The district court set an evidentiary hearing on Plaintiffs’ motion to enforce, and ordered the County to produce Smith and Judge Skelly for the hearing. Judge Skelly, however, did not appear and only Smith appeared as a witness. At the hearing, Smith testified that the two other[*875] April 9 e-mails sent by Skelly to claimants’ counsel resulted in settlements paid to those claimants in accordance with the emails, in the amounts of $500,000 each. He further testified that he believed that he had authority to settle Plaintiffs’ claims; that he had authorized Judge Skelly to communicate the County’s $975,000 settlement offer to Plaintiffs’ counsel; that he was aware that Judge Skelly in fact communicated the offer; that he understood the “further approvals” sentence in Skelly’s e-mail to Plaintiffs’ counsel to refer only to possible compliance with Ariz.Rev. Stat. § 11-626; [1] and that he believed that a binding settlement was entered into, subject only to the “further approvals” sentence. Plaintiffs’ counsel testified that he, too, believed that the “further approvals” sentence referred only to compliance with § 11-626. The County then explicitly took the position “for the record, on behalf of Maricopa County ... that [§ 11-626] does not apply.”
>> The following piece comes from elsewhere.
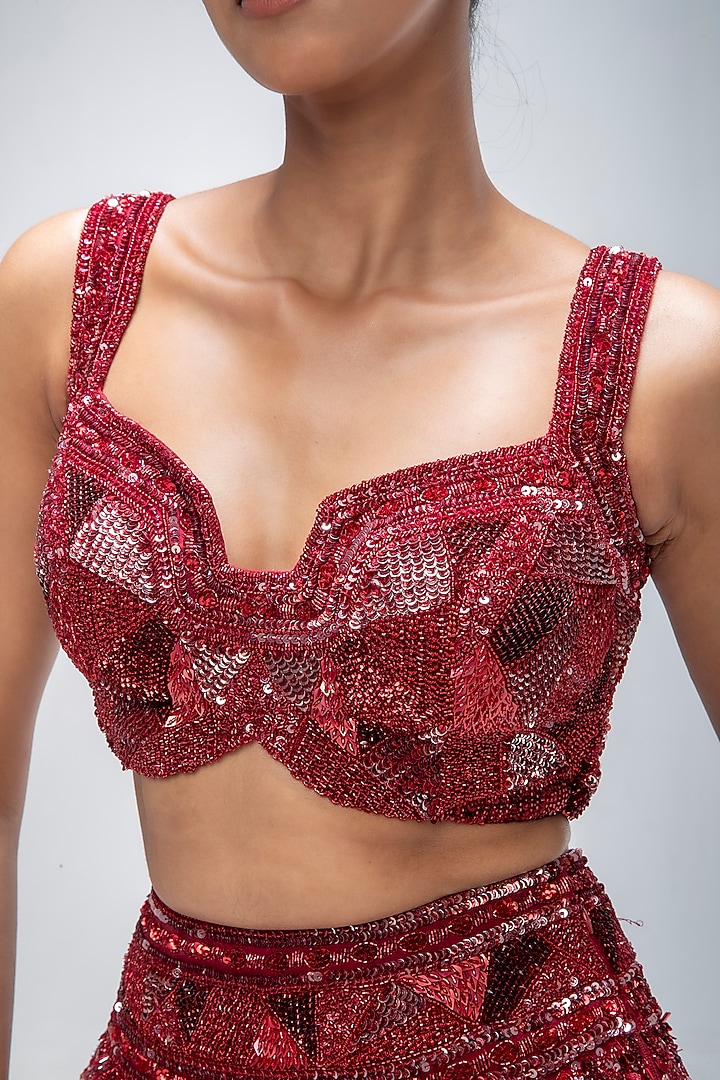 Red Reverie Pure Silk Sequins Embellished Bridal Lehenga Set by Mirroir at Pernia's Pop Up Shop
At the close of the hearing, the district court found Smith had the authority to settle Plaintiffs’ claims without further action: it discredited the two affidavits to the contrary submitted by the County and, instead, found Smith’s testimony “credible in every respect.” The district court also found that the “further approvals” sentence referred only to compliance with § 11-626, but that no further approvals were necessary, because of the County’s concession that § 11-626 did not apply. It therefore granted Plaintiffs’ motion to enforce the settlement agreement. See Donahoe v. Arpaio, 872 F.Supp.2d 900 (D.Ariz.2012).

The County now appeals. It contends that Smith’s testimony and the April 9 emails were privileged under Arizona’s mediation privilege, and thus inadmissible in the district court. The County further contends that, even if this evidence was admissible, the district court abused its discretion in enforcing the settlement agreement.

II.

The district court had subject matter jurisdiction under 28 U.S.C. §§ 1331, 1367(a). We have appellate jurisdiction under 28 U.S.C. § 1291.

III.

“We review de novo the ruling of a district court on the scope of a privilege.” United States v. Chase, 340 F.3d 978, 981 (9th Cir.2003) (en banc). “We also review de novo the question of when state law applies to proceedings in federal court.” Zamani v. Carnes, 491 F.3d 990, 994 (9th Cir.2007).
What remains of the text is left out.